Regulatory Roundup #13 contained an article on a consultation paper on the implementation of certain parts of the Financial Services Act 2010 (‘FSA2010’) and which introduced FINMAR to the regulated community.
Based on the feedback received the FSA has now published CP10/18 “Implementing aspects of the Financial Services Act 2010”. Although comments are welcomed, the paper contains final rules and guidance, most of which come into effect on 6th August.
FINMAR (the Financial Stability and Market Confidence Sourcebook) is the new sourcebook that will belong in the ‘High Level Standards’ block of the Handbook. In addition to giving the FSA ‘financial stability information power’, FINMAR includes short positions disclosure requirements (which has been removed from MAR 1.9).
The disclosure requirements have been largely transposed unchanged save that the rights issue disclosure requirement (currently in MAR 1.9.2A) has been narrowed in scope.

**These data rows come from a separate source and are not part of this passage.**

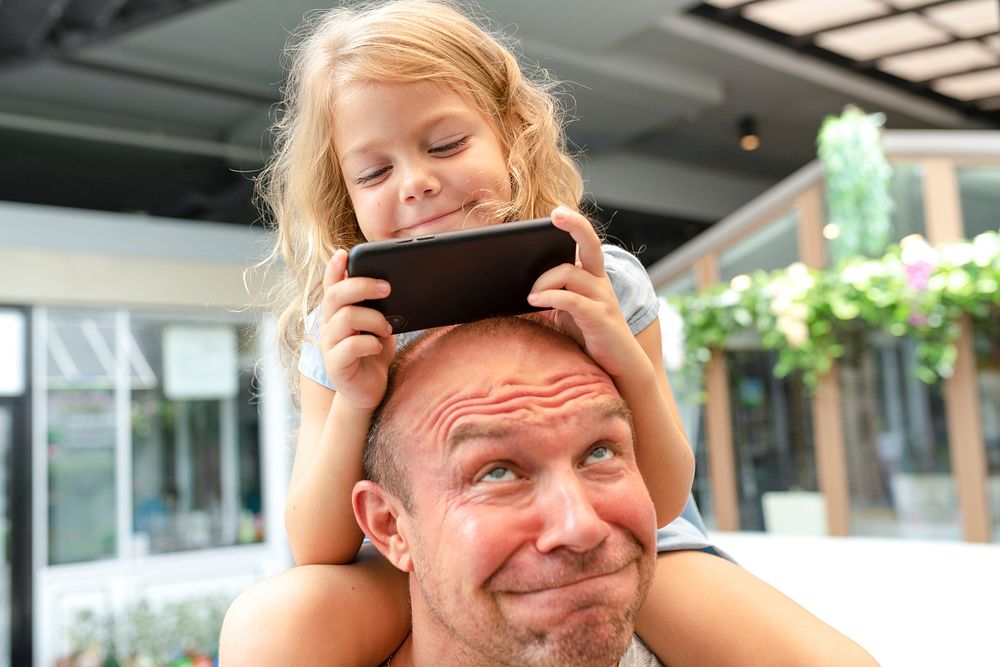 Little girl riding on her dad's shoulder and playing on a phone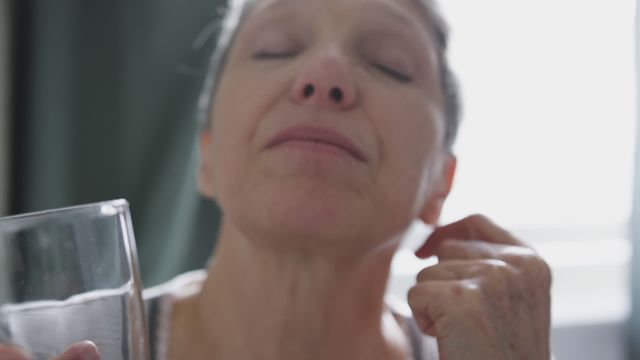 A senior Caucasian woman drinks water and swallows medication while sitting on her bed. This image conveys themes of health awareness, daily life routines for older adults, and the importance of staying hydrated. It can be used for advertising healthcare products, senior living facilities, medical articles, and wellness campaigns.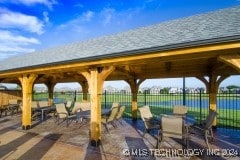 view of property's community featuring a gazebo, a water view, and a patio area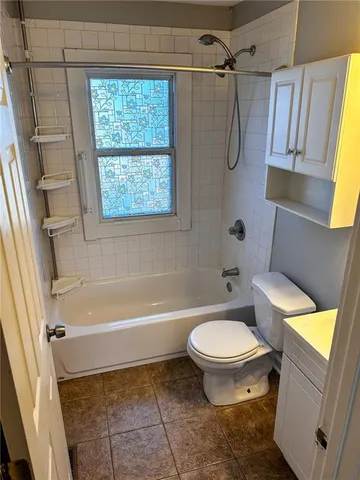 a bathroom with a bath tub a sink and a toilet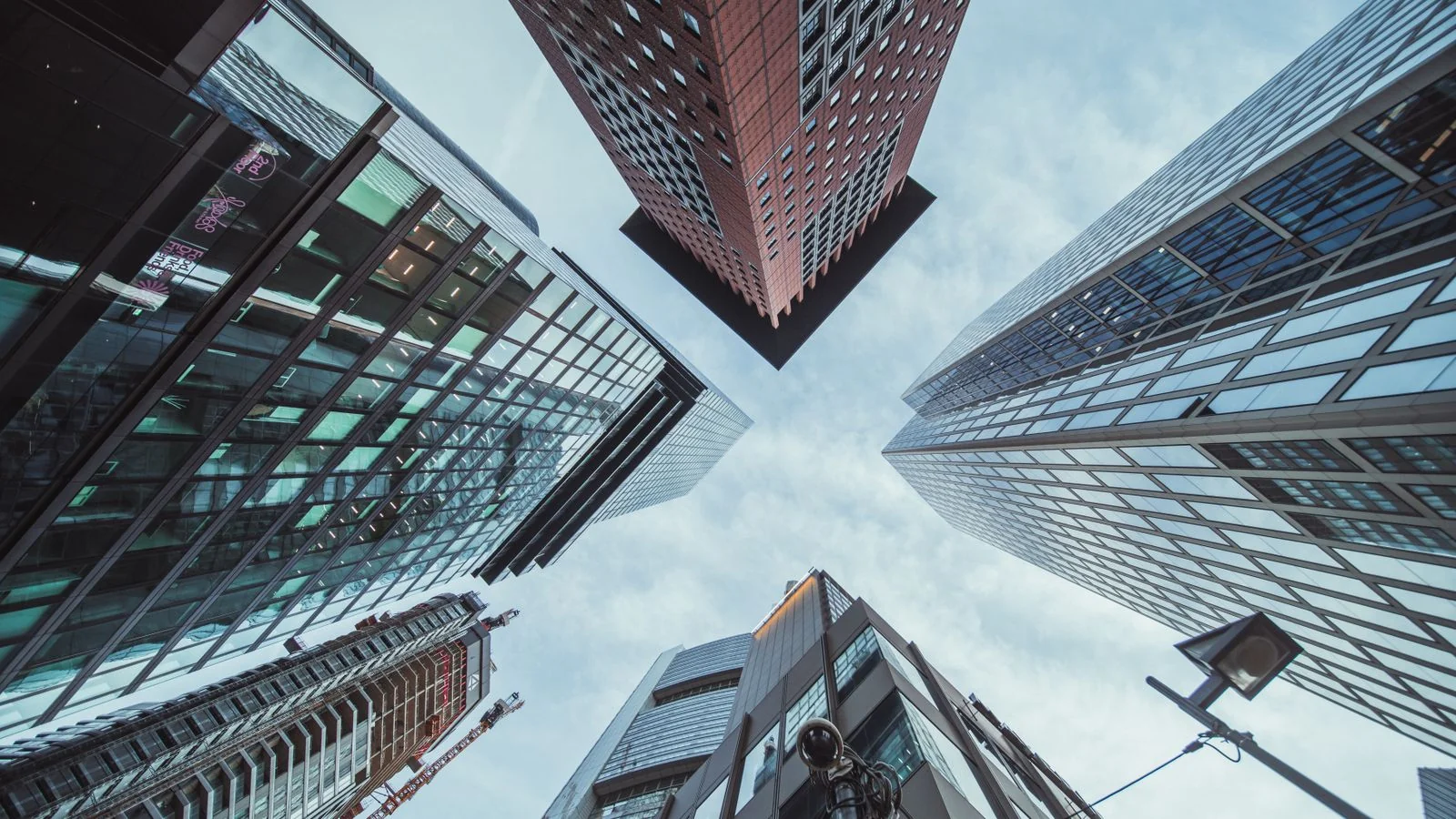 A dramatic upward view of city skyscrapers, the reach-higher instinct the technique is often reduced to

It will now effectively be restricted to UK companies which are admitted to trading on a UK prescribed market (non-UK companies are also captured if the UK prescribed market is the sole or main venue for trading the securities).
Responsibility for disclosure remains with the holder of the net short position, although this function can be performed by a discretionary/non-discretionary investment manager – see FINMAR 2.4.One effect of the changes is that the FSA no longer has to link shorting rules with market abuse.
FINMAR 3 will replace ‘Threshold Conditions’ COND 3 in its entirety (COND 3 is only relevant to firms falling within the scope of the Banking Act 2009).
FINMAR can be found in Appendix 2 of CP10/18.
DEPP (Decision Procedure and Penalties Manual) has been enhanced to reflect the additional powers given to the FSA under FSA2010. These include the power to: impose penalties on persons that perform controlled functions without approval; impose suspensions or restrictions on authorised persons and approved persons; and impose financial penalties on persons that breach short selling requirements.